TASK BRIEF = With the pictures removed, reproduce exactly the lines from the one that contains "35 Riveredge Drive, Unit" through the last line of the entries below.

RECORDS SUPPLIED =
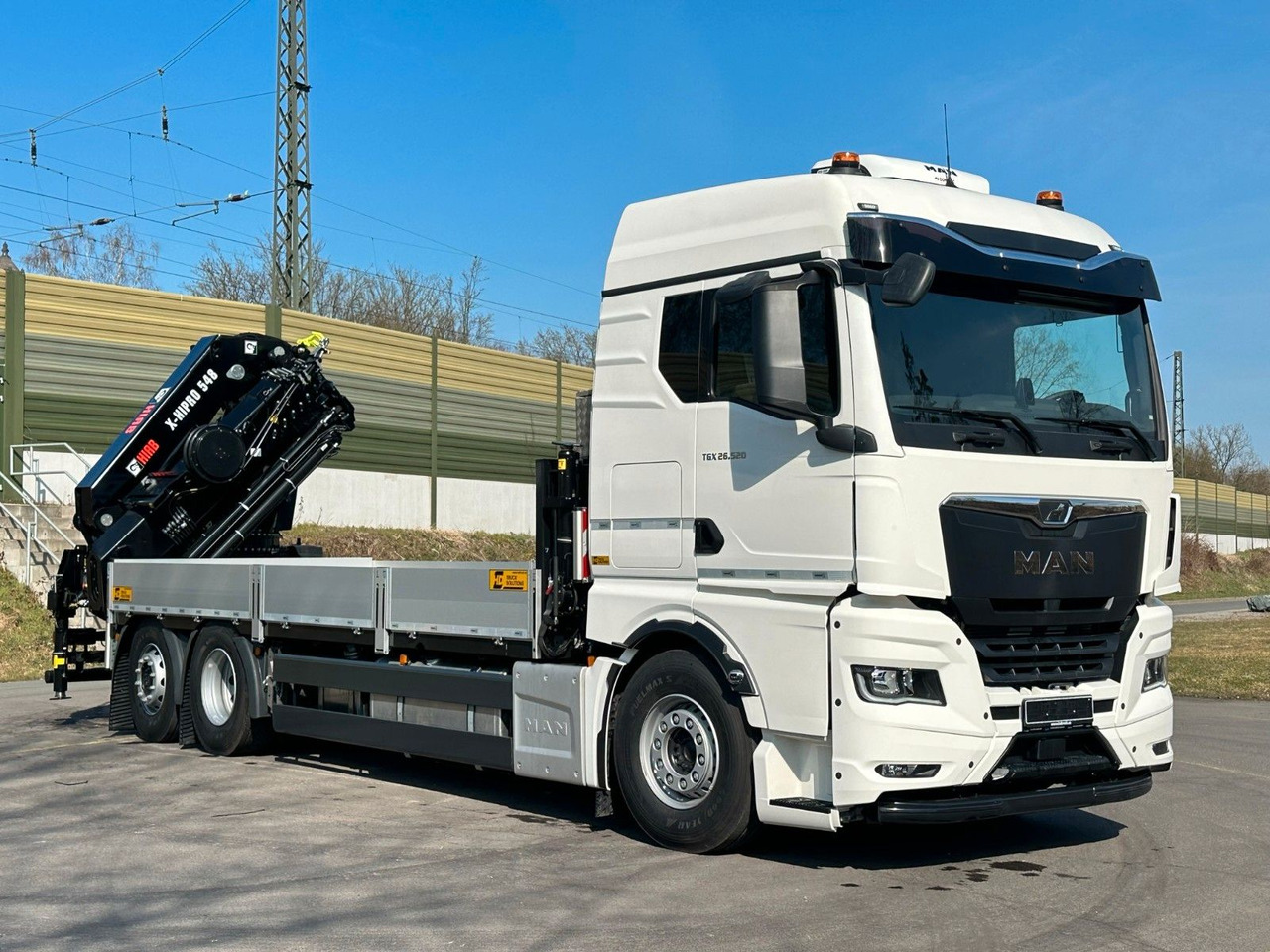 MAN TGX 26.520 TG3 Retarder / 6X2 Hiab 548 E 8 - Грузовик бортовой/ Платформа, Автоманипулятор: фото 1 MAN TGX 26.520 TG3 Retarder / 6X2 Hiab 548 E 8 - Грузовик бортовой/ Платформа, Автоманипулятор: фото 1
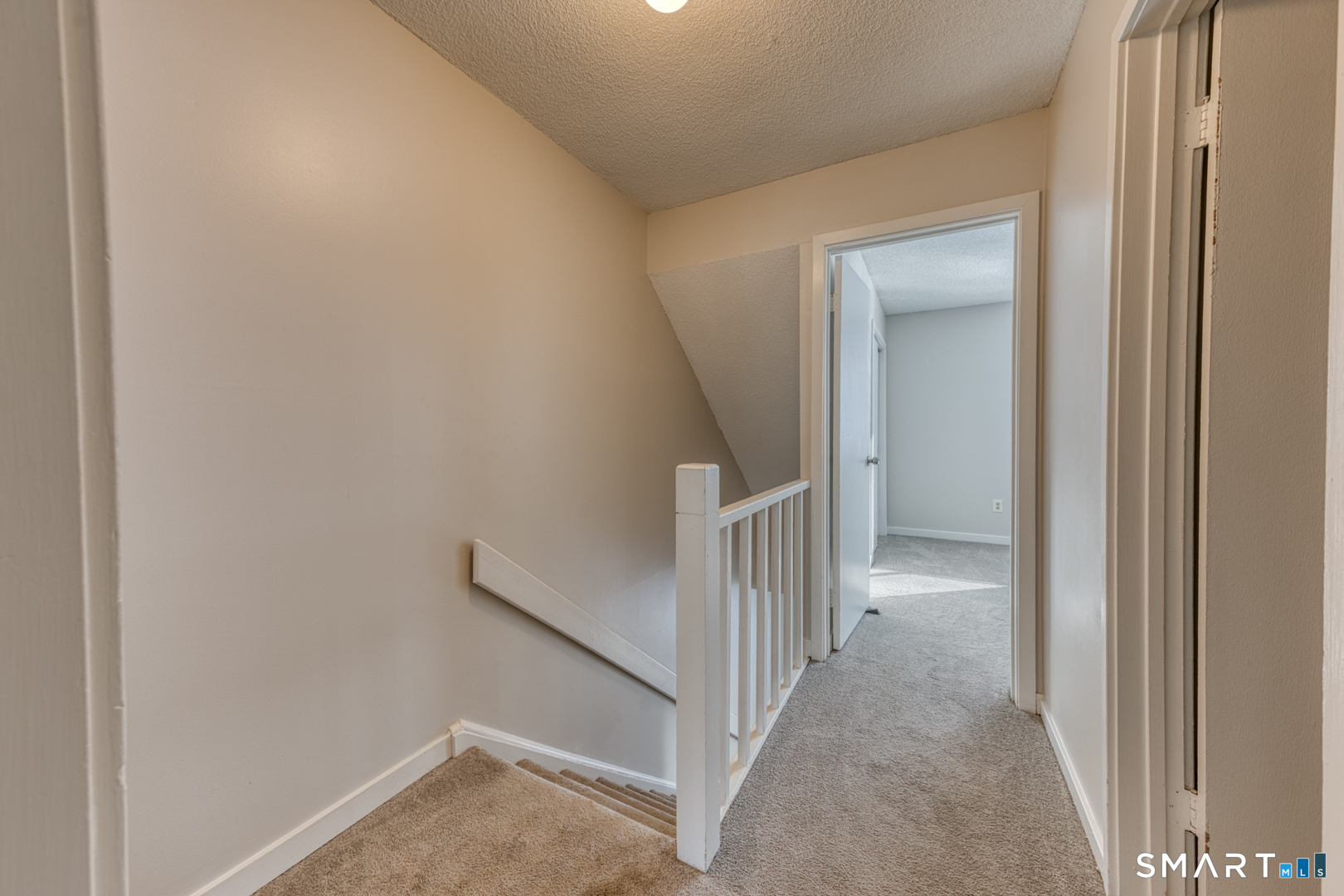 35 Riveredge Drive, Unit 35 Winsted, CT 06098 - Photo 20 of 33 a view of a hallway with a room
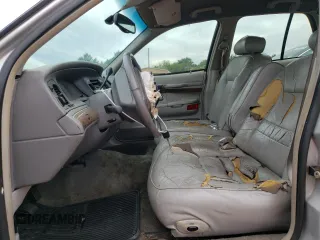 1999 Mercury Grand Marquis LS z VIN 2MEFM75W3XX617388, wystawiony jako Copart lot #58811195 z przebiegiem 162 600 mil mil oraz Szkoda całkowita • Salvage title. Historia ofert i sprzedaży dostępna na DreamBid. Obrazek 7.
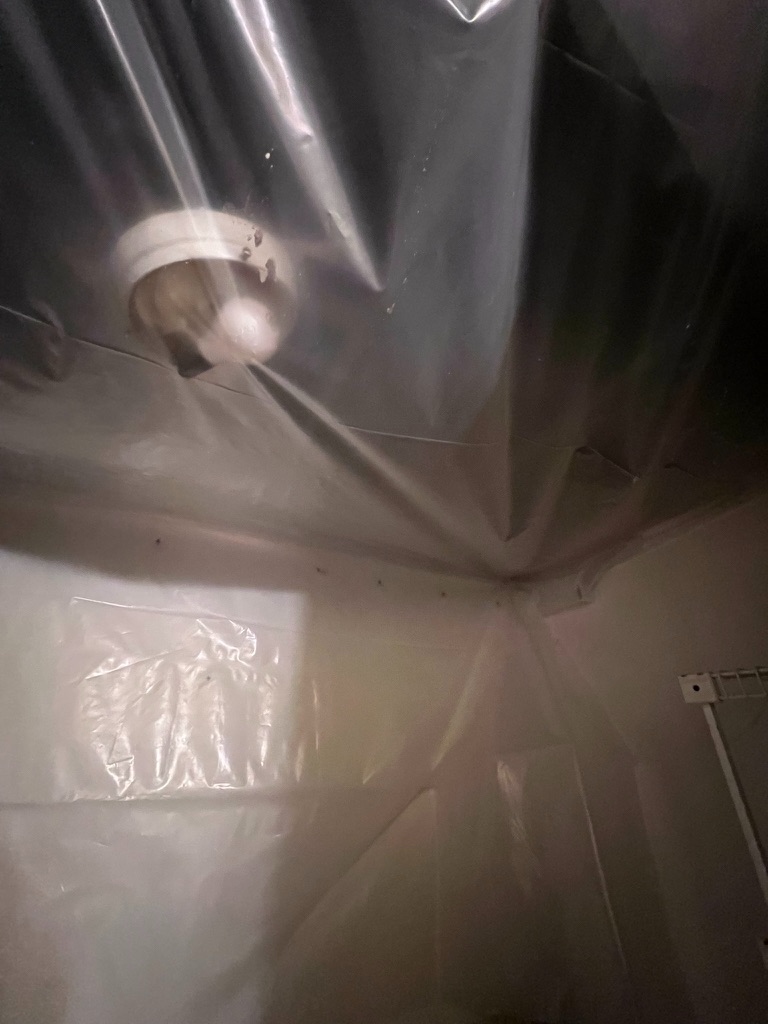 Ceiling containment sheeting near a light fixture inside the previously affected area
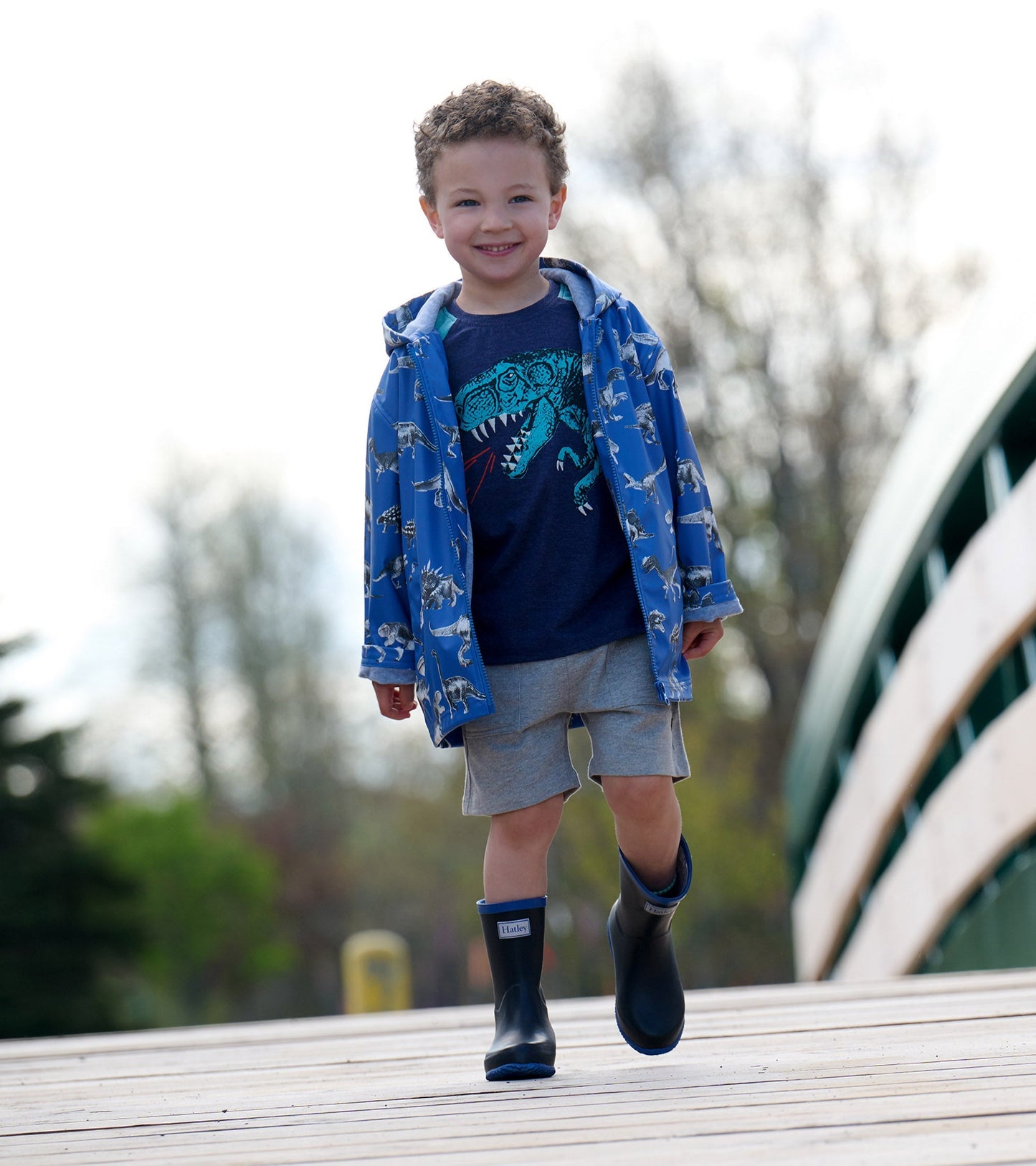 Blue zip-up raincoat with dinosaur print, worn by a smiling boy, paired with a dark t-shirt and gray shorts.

THE COMPLETED TASK =
 35 Riveredge Drive, Unit 35 Winsted, CT 06098 - Photo 20 of 33 a view of a hallway with a room
 1999 Mercury Grand Marquis LS z VIN 2MEFM75W3XX617388, wystawiony jako Copart lot #58811195 z przebiegiem 162 600 mil mil oraz Szkoda całkowita • Salvage title. Historia ofert i sprzedaży dostępna na DreamBid. Obrazek 7.
 Ceiling containment sheeting near a light fixture inside the previously affected area
 Blue zip-up raincoat with dinosaur print, worn by a smiling boy, paired with a dark t-shirt and gray shorts.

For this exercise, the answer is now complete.